An international motor show opened to the media today in Guangzhou, southern China, where Japanese automakers are taking part in an effort to reverse slumping sales in the world’s largest automotive market.

It is the first time that Japanese automakers have carried out large-scale exhibits in China of their products, including the latest fuel-efficient and environmentally friendly models, since anti-Japan demonstrations erupted in the country in September.

The demonstrations came in the wake of the Japanese government’s purchase of part of the Japanese-administered, Chinese-claimed Senkaku Islands from a private Japanese owner earlier that month.

During the demonstrations, some protesters vandalized sales outlets of Japanese carmakers and attacked Japanese cars on the streets. The ensuing boycott of Japanese cars and other products led to sharp falls in sales of Japanese cars in China.

Opening to the public tomorrow, the 10th China (Guangzhou) International Automobile Exhibition, also known as Auto Guangzhou, will run through December 2 at China Import & Export Fair Complex in the city. Organizers estimate more than 500,000 people will visit the site during the period.

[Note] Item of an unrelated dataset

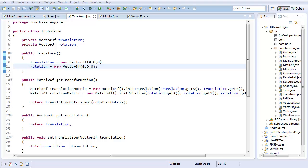Hello everyone, it's Benny, and in this video we're going to be implementing the final operation for our transformation class, and that is scaling.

Toyota Motor Corp sets up the biggest booth in terms of floor space since it participated in the Guangzhou exhibition.

Nissan Motor Co and Honda Motor Co are demonstrating their commitment by operating booths on an equal scale to last year’s.

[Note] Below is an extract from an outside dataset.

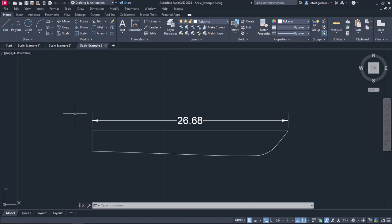Since I know its current length, which is equal to 26.68 meters, and its actual length, which is equal to 19 meters, I could make some calculations to figure the scale factor out. However, that would take some time to achieve. So I can use its length as reference and define the new length while scaling it.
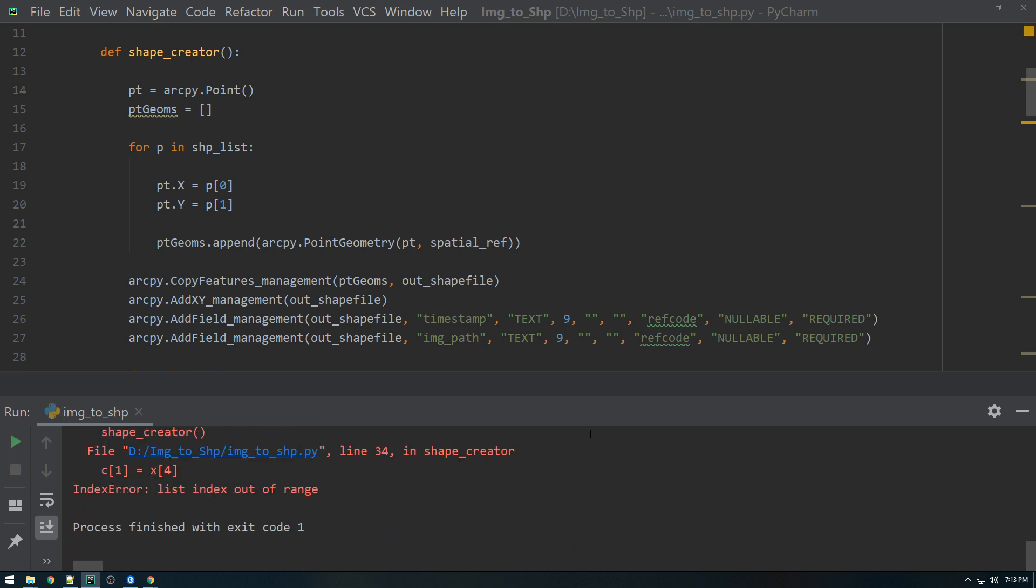Index out of range. Hmm. All right. This video is getting a little bit long, so I'm going to pause this and troubleshoot this and then we will pick it back up.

Sales of Japanese cars in China fell 59.4 percent in October from a year earlier to 98,900 units, according to the China Association of Automobile Manufacturers. It was the first time that single-month sales of Japanese cars in China have dropped below 100,000 units since 2009.

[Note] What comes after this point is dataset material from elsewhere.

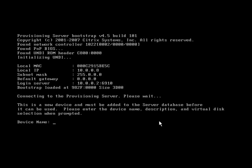So I've rebooted that XP workstation, I'm going to give it a little device name now. XP template, description template.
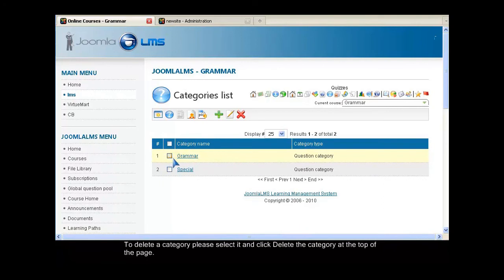To delete a category, please select it and click Delete the Category at the top of the page.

Accordingly, Japanese carmakers’ share of the Chinese market dropped from 20.2 percent in June, the top among foreign automakers, to 7.6 percent in October.

Despite dismal data, signs of positive developments have emerged in economic ties between the two countries such as the resumption of businesses in China by retailer Heiwado Co and other Japanese companies that had been suspended following violent protests in September.

The trade ministers of Japan, China and South Korea also announced Tuesday in Cambodia the launch of negotiations for a trilateral free trade agreement early next year, despite strained political relations.